School Notes: Faculty of Arts & Sciences
September/October 2020

Tamar Gendler | http://fas.yale.edu

The FAS welcomes new ladder faculty

During the 2020–21 academic year, 30 new tenured and tenure-track faculty members will join 19 different departments across the FAS. They span all of the FAS divisions: ten join humanities departments, eleven in the social sciences, and nine join departments in the Division of Science and School of Engineering and Applied Science. Just over half of our new faculty members have been hired at the assistant professor level; the remainder as tenured senior faculty. Whether at early or later stages of their academic careers, each is a leading scholar and teacher in their respective field. We’re thrilled that Yale’s FAS will be the place where they advance their transformational research and teaching.

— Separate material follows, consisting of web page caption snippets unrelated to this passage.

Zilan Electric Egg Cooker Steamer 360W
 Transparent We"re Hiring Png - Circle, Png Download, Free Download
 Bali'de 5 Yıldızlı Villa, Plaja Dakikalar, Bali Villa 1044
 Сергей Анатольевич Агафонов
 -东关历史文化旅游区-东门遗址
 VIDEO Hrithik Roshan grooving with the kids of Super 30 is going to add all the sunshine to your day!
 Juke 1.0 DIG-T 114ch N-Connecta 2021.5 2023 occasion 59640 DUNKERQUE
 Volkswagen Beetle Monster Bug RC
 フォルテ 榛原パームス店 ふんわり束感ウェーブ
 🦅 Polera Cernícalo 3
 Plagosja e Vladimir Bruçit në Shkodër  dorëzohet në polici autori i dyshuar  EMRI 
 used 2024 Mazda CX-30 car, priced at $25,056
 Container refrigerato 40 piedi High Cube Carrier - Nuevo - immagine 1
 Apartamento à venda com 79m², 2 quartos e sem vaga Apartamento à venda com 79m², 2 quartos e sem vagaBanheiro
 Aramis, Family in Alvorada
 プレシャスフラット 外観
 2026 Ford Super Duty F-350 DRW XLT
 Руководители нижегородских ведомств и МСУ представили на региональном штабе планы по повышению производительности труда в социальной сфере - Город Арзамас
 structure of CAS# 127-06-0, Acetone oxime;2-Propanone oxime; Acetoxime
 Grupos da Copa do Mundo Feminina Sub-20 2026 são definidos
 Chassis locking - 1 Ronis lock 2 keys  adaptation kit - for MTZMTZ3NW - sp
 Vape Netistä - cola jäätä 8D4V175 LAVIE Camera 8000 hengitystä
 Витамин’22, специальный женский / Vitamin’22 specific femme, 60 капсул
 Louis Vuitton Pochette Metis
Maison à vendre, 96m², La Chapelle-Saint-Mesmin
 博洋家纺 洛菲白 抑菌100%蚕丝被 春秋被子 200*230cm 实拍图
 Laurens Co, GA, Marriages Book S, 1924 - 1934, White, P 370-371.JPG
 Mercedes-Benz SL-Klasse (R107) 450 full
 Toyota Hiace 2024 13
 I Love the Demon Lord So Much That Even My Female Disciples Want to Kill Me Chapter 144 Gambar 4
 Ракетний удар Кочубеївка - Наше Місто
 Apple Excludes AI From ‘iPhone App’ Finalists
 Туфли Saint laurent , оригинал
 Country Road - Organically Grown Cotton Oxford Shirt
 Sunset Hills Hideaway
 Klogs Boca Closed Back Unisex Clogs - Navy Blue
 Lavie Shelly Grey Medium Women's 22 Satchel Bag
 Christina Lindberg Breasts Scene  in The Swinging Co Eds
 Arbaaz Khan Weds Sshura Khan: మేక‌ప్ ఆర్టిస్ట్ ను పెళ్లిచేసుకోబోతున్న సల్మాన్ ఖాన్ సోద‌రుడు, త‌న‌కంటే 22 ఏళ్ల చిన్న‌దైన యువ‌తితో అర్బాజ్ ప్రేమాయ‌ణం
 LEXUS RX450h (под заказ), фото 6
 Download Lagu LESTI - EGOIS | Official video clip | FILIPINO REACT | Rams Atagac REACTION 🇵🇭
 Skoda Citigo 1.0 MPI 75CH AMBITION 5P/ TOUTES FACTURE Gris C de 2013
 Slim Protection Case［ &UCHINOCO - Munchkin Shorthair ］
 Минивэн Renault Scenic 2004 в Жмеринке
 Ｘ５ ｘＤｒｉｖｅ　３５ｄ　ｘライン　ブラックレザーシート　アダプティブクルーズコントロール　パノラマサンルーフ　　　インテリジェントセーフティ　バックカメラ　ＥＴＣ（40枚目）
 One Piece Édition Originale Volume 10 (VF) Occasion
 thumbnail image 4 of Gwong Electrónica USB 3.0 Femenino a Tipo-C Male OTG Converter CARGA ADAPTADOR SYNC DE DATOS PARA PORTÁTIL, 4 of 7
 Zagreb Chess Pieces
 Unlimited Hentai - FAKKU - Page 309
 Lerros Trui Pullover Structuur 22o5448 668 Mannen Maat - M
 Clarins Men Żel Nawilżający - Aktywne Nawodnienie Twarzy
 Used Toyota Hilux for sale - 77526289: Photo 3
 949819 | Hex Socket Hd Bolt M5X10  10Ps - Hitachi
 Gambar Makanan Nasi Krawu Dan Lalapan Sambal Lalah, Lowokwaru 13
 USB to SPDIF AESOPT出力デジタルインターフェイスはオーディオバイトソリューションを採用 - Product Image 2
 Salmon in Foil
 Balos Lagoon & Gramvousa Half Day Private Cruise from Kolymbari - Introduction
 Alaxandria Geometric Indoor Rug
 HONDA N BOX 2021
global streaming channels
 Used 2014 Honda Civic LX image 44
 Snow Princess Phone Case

Leading the conversation on policing in America

Among the members of our 2020–21 cohort of new FAS faculty are two scholars whose work has shifted policy on and perceptions of policing, race, and incarceration in the United States. Elizabeth Hinton joins the Departments of History and African American Studies, and holds a secondary appointment in the Law School. In her pathbreaking book, From the War on Poverty to the War on Crime: The Making of Mass Incarceration in America, Hinton rewrote the story of social policy in the United States, revealing how anti-poverty programs led to prison expansion. Philip Atiba Goff also joins the Department of African American Studies. Goff is the founder of the Center for Policing Equity and a sought-after expert on data-informed interventions that address racial bias in the justice system. Hinton and Goff are both members of the Yale Justice Collaboratory. They join fellow FAS scholars of race, incarceration, and inequality in African American studies; American studies; economics; English; ethnicity, race, and migration; history; philosophy; psychology; sociology; and other departments and programs, advancing Yale’s capacity to lead the national conversation on justice and race during this time of great public debate.